I know that some marriages face problems that are irreconcilable and make divorce a necessity.  Yet God intended for man and woman to be together in marriage even though he made them so different.  There must be a way to make it work.  Again, it's not something that comes instinctively.  We have to make the choice to make it work.  Love, and with it marriage, is a choice.  No one forces us to get married; it's something we do of our own free will.  So, if I choose to get married, shouldn't I also choose to try to make it last?

That often requires leaving my pride at the door.  It's knowing that the way something sounds in my head before I say it may not be the same way my wife hears it.  It's realizing that my actions could negatively impact others, even when I have the best of intentions and really do think about the rest of my family.  And sometimes, there will be disagreements that we cannot solve and have to agree to disagree and move on.

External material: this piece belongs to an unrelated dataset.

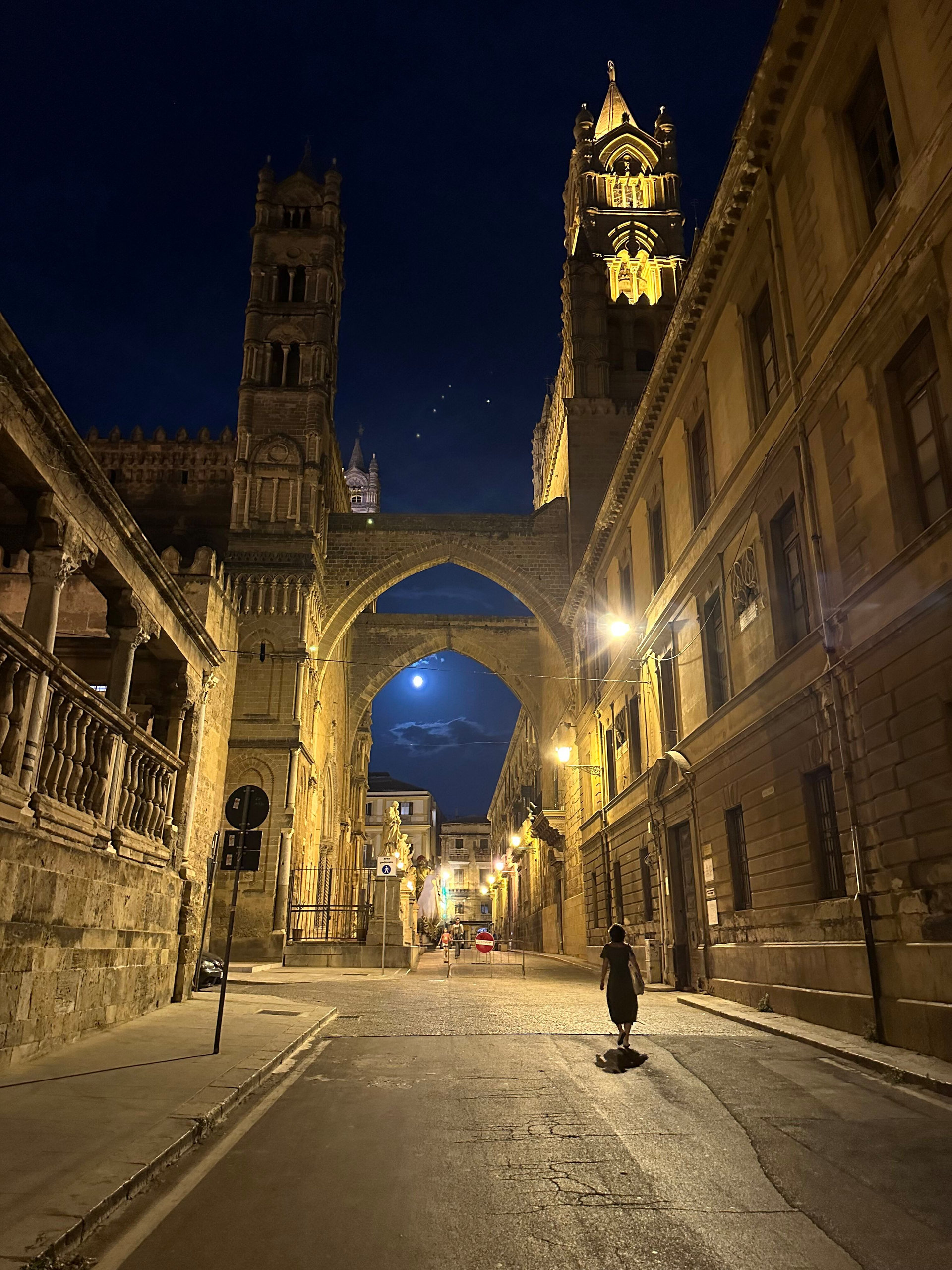 Cathedral towers and a stone archway lit up on a quiet street at night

That might be the most difficult part for me.  One of my biggest worries, in marriage, my job, or anywhere else, is that someone thinks I was intentionally trying to be difficult or didn't think before I acted.  I try to think logically and have a reason why I take every action that I do, and when someone else doesn't see it that way, I get upset.  I often feel like I have to "win" every argument, but sometimes it's better not to think about who wins and loses or who was right and who was wrong.  Even when what the other person does makes no sense, we still need to make a choice to love our spouse anyway.  That's very hard.  But it has to be done for any marriage to work.

The most important thing to remember is that I love my wife no matter what.  When we say "for better or worse" at weddings, we have no idea what that will entail over the course of our marriage.  But they are not just empty words.  They are perhaps the most important words that anyone who gets married will say.  No matter how difficult things get, or how bad any disagreement gets, choosing to love my wife is not always easy, but it's critical.  And whenever we make it through a tough time, I like to think that it makes our bond stronger and helps us to enjoy the good times and the milestones, like this one, even more.

Anyway, thanks for reading, and I hope to learn a lot more about marriage in the future.  Thankfully, after two years, we are just getting started!